** WHAT YOU SHOULD DO **
Leave the pictures out and print, word for word, the lines below from the one with "myntra.com ANNA CREATIONS" through the final line.

[Records from a data collection]
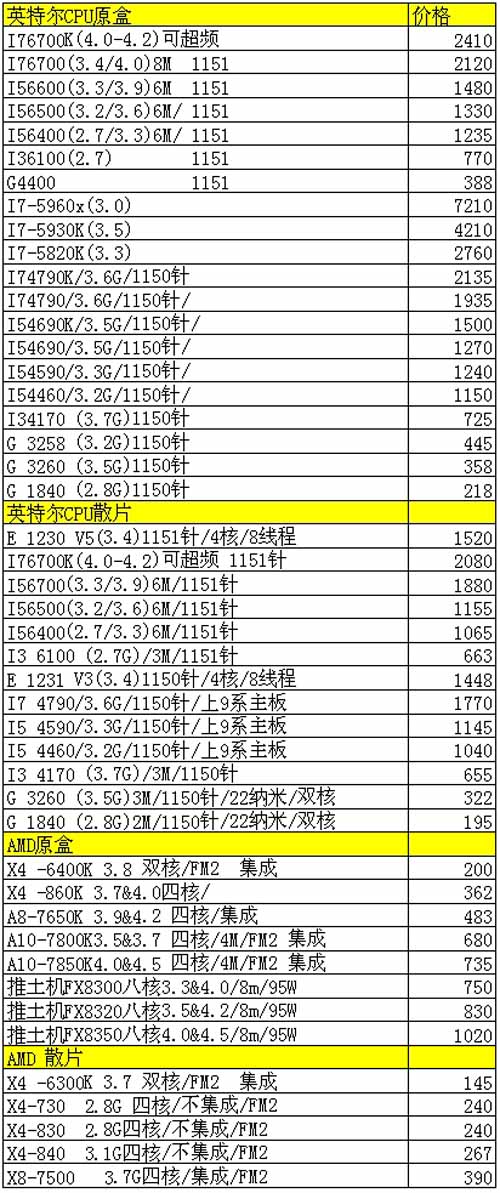 新澳门今晚开奖结果号码是多少,高速响应执行计划_MP71.803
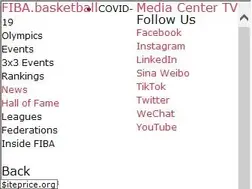 Sites similar to fibaoceania.com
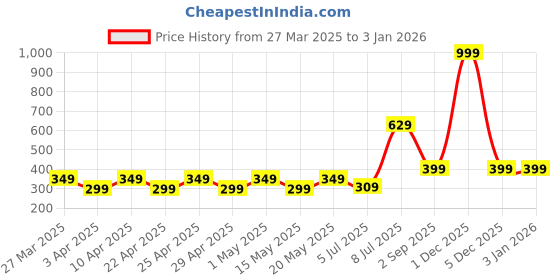 myntra.com ANNA CREATIONS Green Self-Adhesive Waterproof PVC Wallpaper anna creations Price History Graph from 27 Mar 2025 to 31 Dec 2025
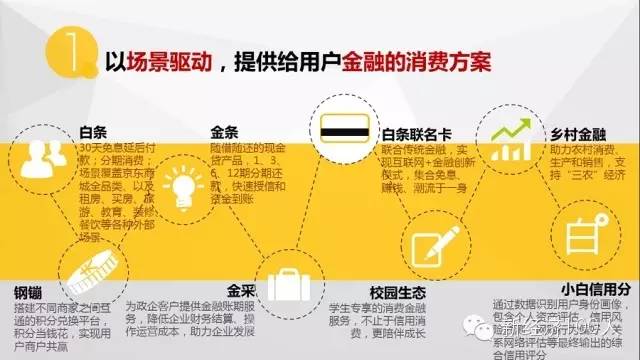 两年对标蚂蚁金服，京东金融凭什么？（一）｜独家深度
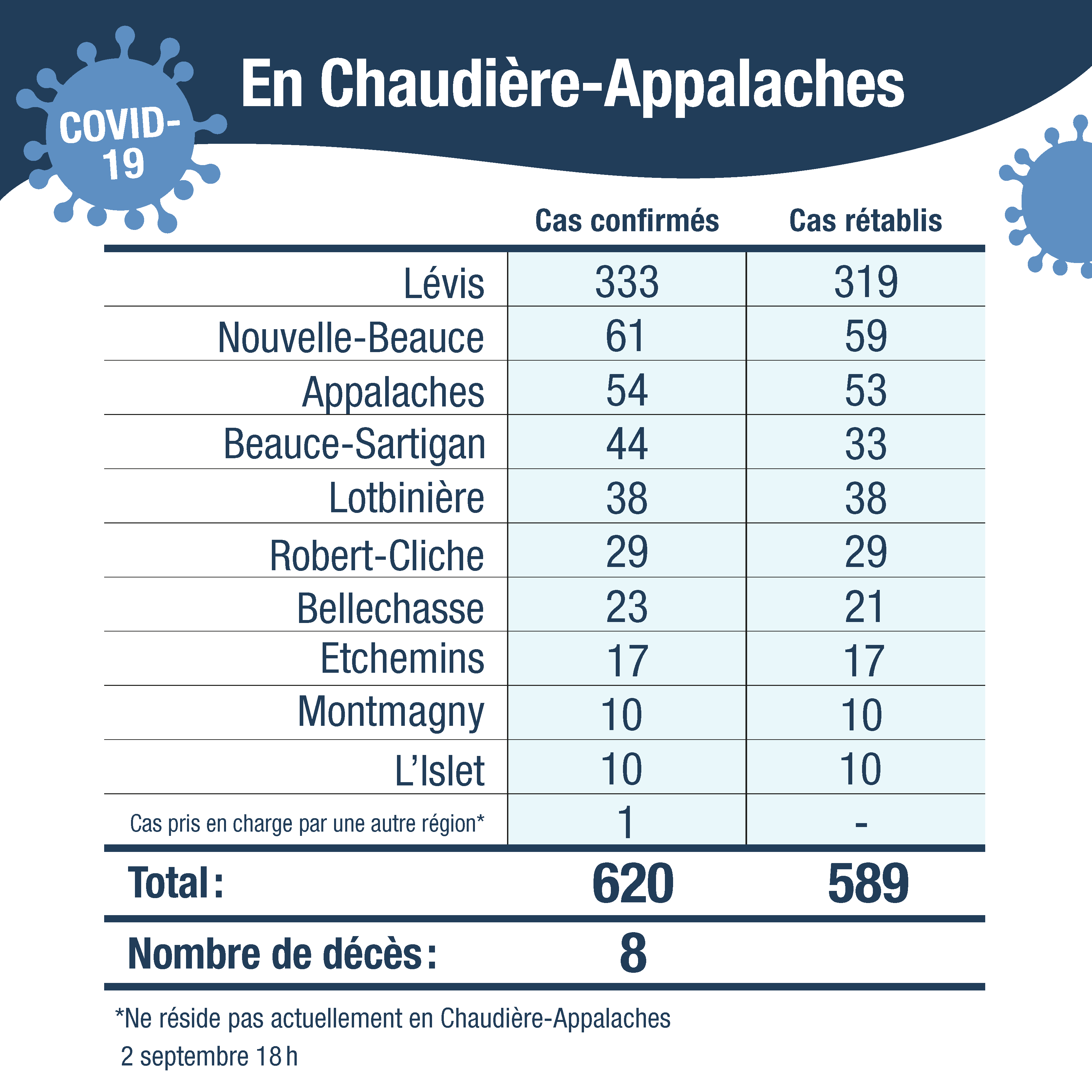 Tableau cas confirmes CA avec cas autre region 3sept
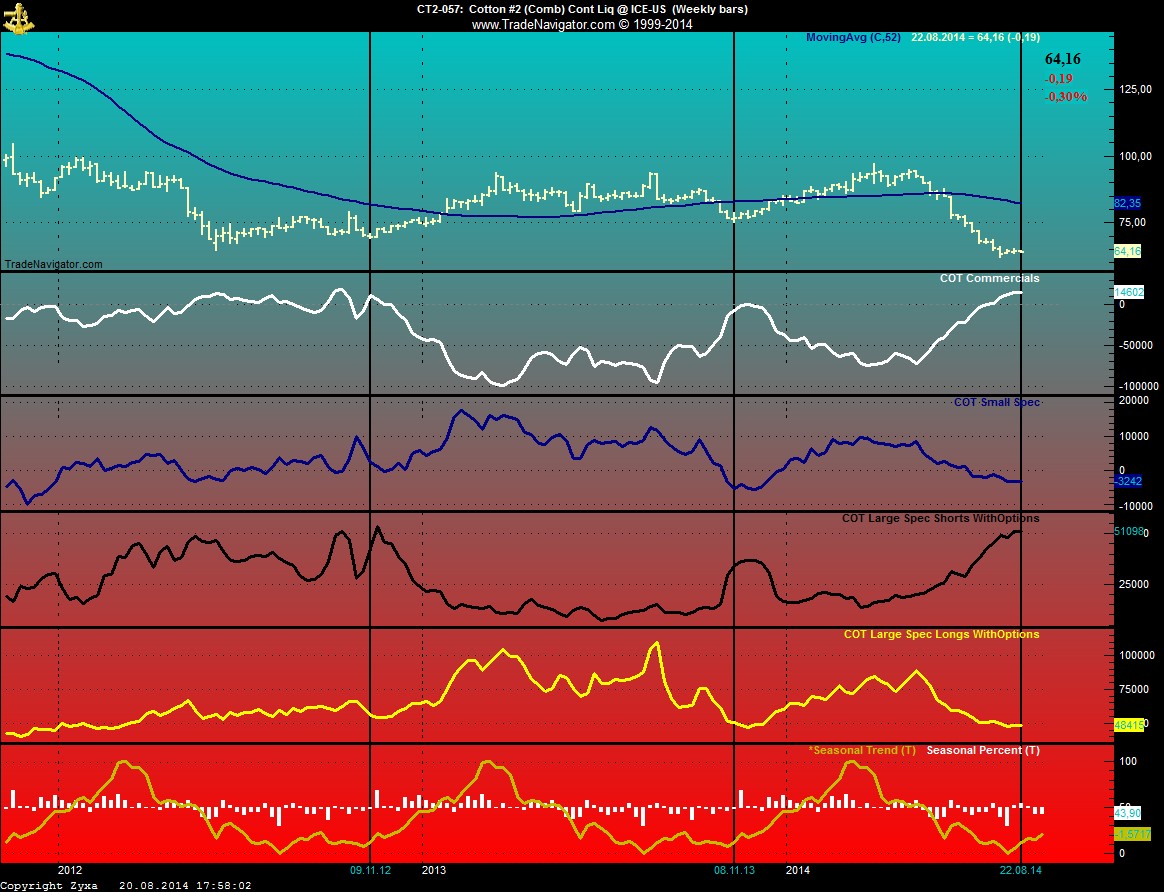 Baumwolle long wird interessant 750112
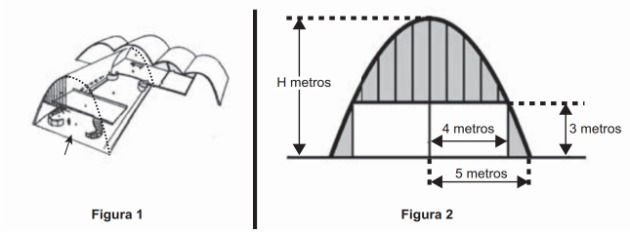 Questão função quadrática Enem 2017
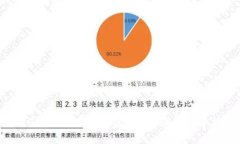 2023年最新区块链国际诈骗案例分析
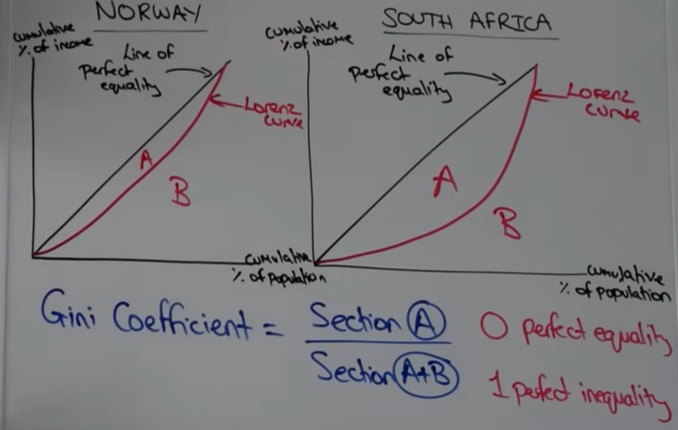 <p>Lorenz curve</p><ul><li><p>shows how far a country deviates from the line of perfect equality</p></li><li><p>the further away the Lorenz curve from the line of perfect equality, the less equally distributed income is</p></li></ul><p>Gini coefficient</p><ul><li><p>mathematical indicator of income inequality</p></li><li><p>calculated as section A / section A + section B </p></li><li><p>0 is perfect equality</p></li><li><p>1 is perfect inequality</p></li></ul><p></p>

** ANSWER AREA **
 myntra.com ANNA CREATIONS Green Self-Adhesive Waterproof PVC Wallpaper anna creations Price History Graph from 27 Mar 2025 to 31 Dec 2025
 两年对标蚂蚁金服，京东金融凭什么？（一）｜独家深度
 Tableau cas confirmes CA avec cas autre region 3sept
 Baumwolle long wird interessant 750112
 Questão função quadrática Enem 2017
 2023年最新区块链国际诈骗案例分析
 <p>Lorenz curve</p><ul><li><p>shows how far a country deviates from the line of perfect equality</p></li><li><p>the further away the Lorenz curve from the line of perfect equality, the less equally distributed income is</p></li></ul><p>Gini coefficient</p><ul><li><p>mathematical indicator of income inequality</p></li><li><p>calculated as section A / section A + section B </p></li><li><p>0 is perfect equality</p></li><li><p>1 is perfect inequality</p></li></ul><p></p>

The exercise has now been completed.